**Records for the task**.
============================================================

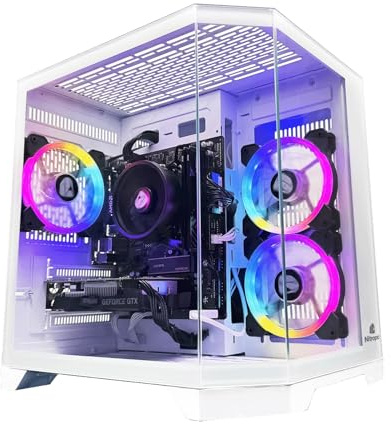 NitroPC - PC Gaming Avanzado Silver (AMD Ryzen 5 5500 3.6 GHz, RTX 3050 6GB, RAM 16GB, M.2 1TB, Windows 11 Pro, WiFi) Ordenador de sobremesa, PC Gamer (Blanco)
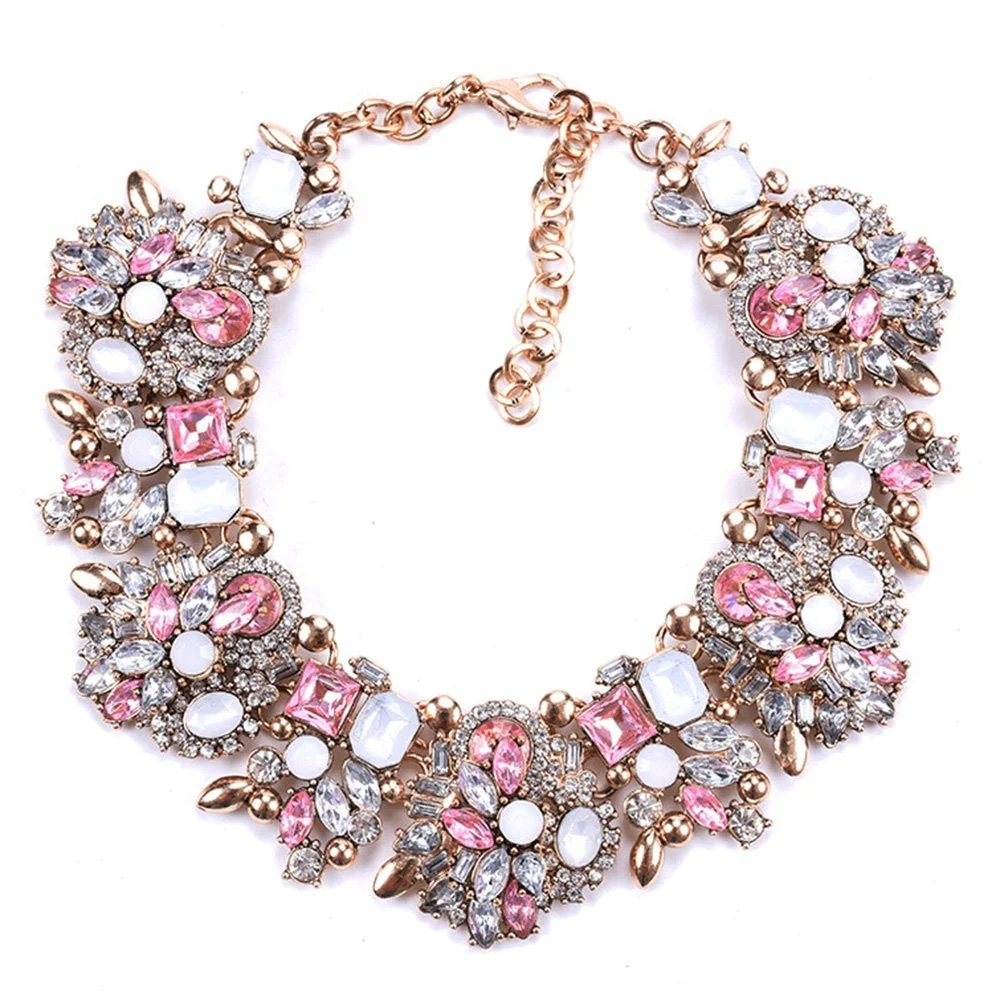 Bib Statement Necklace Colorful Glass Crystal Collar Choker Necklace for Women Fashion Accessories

============================================================

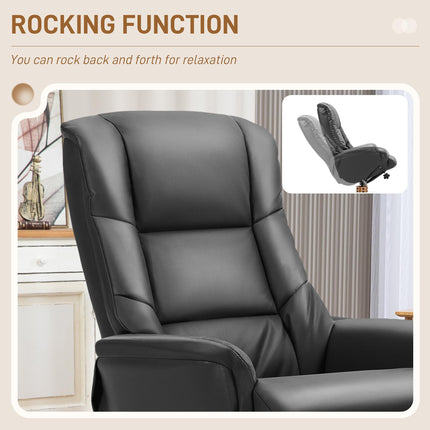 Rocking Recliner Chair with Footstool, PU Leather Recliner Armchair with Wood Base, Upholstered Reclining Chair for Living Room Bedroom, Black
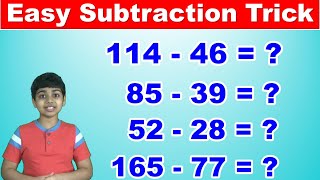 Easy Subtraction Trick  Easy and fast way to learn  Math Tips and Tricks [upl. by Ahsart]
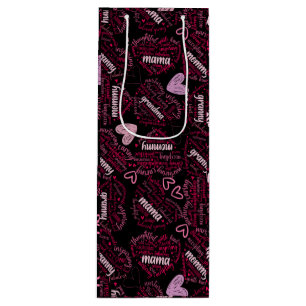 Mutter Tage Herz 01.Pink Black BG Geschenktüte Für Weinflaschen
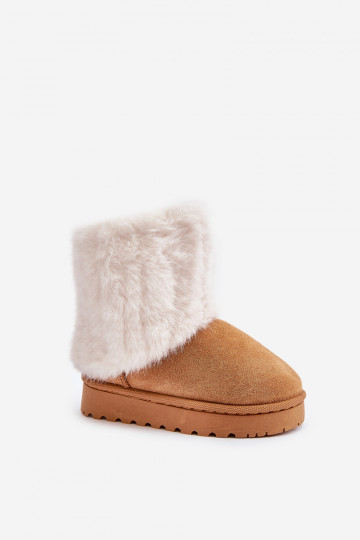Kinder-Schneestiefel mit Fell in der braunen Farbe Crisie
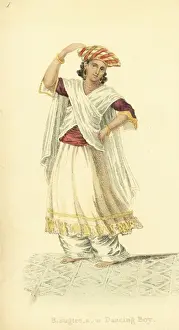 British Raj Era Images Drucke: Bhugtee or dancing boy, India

============================================================

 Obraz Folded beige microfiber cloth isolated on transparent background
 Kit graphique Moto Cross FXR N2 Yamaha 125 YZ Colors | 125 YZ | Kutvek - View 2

============================================================

**Exercise directions**. Given the listing above, retype only the span of lines from the line with "Mutter Tage Herz" up to and including the line with "British Raj Era", exactly as it stands and without pictures.

**Result of the task**.
 Mutter Tage Herz 01.Pink Black BG Geschenktüte Für Weinflaschen
Kinder-Schneestiefel mit Fell in der braunen Farbe Crisie
 British Raj Era Images Drucke: Bhugtee or dancing boy, India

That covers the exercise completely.